## TASK TO COMPLETE:
Output the first line below and each one after it, exactly, up to and including the line holding "Custom Large 86L". Pictures should not be copied.
+++ DATA EXCERPTS
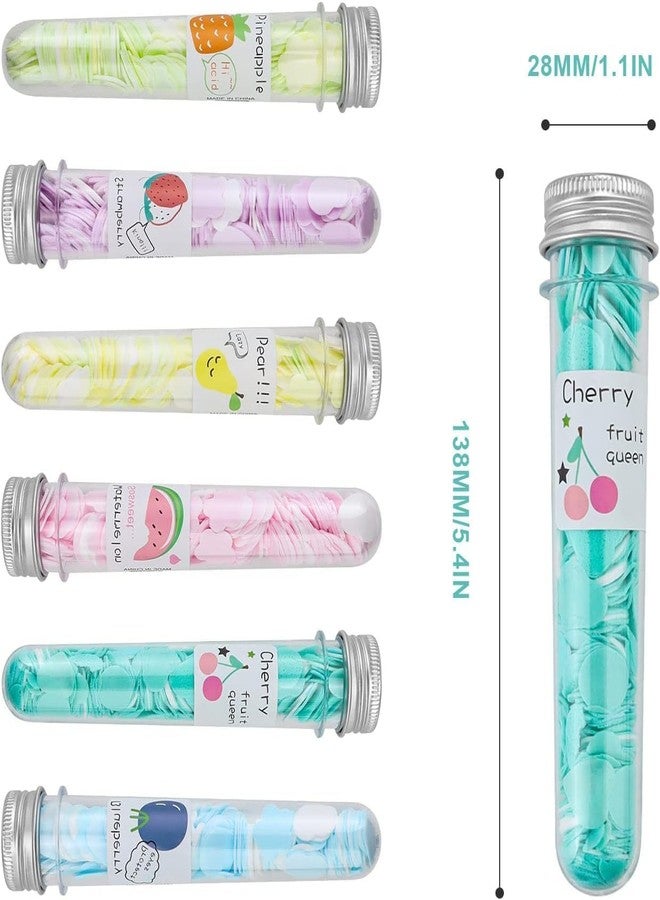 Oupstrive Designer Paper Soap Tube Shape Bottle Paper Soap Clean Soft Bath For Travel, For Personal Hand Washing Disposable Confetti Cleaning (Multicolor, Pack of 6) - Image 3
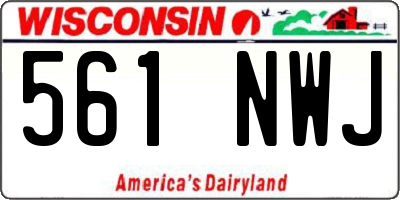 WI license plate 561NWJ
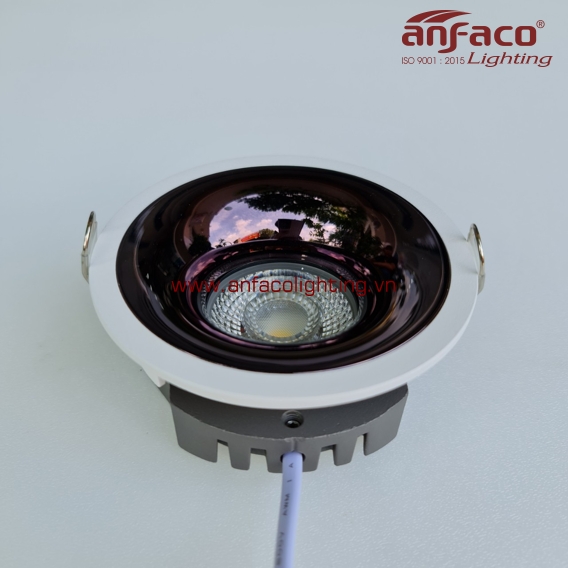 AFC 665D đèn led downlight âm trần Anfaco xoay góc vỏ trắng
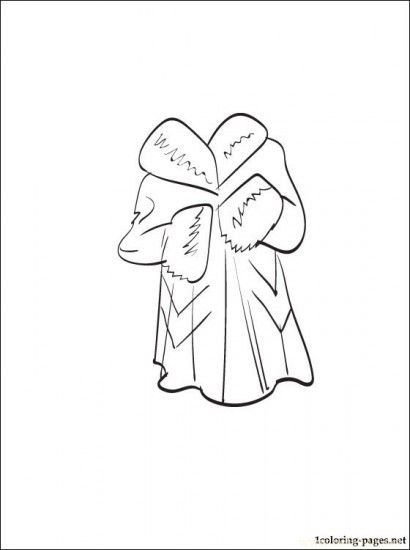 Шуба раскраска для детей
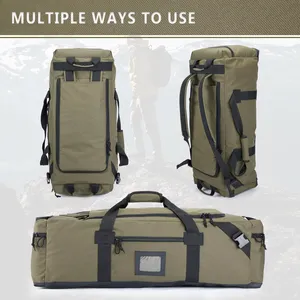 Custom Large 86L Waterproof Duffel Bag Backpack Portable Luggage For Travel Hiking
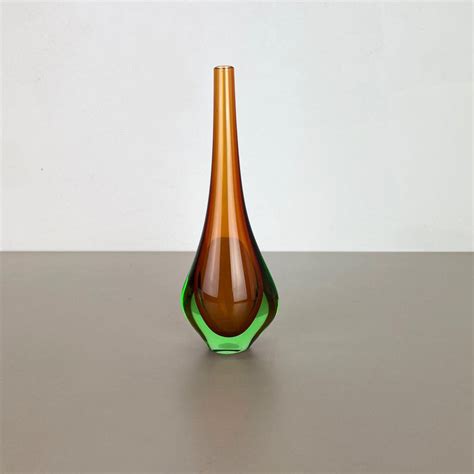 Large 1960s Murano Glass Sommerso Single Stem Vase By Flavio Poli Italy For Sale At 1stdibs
++++++
## THE COMPLETED TASK:
 Oupstrive Designer Paper Soap Tube Shape Bottle Paper Soap Clean Soft Bath For Travel, For Personal Hand Washing Disposable Confetti Cleaning (Multicolor, Pack of 6) - Image 3
 WI license plate 561NWJ
 AFC 665D đèn led downlight âm trần Anfaco xoay góc vỏ trắng
 Шуба раскраска для детей
 Custom Large 86L Waterproof Duffel Bag Backpack Portable Luggage For Travel Hiking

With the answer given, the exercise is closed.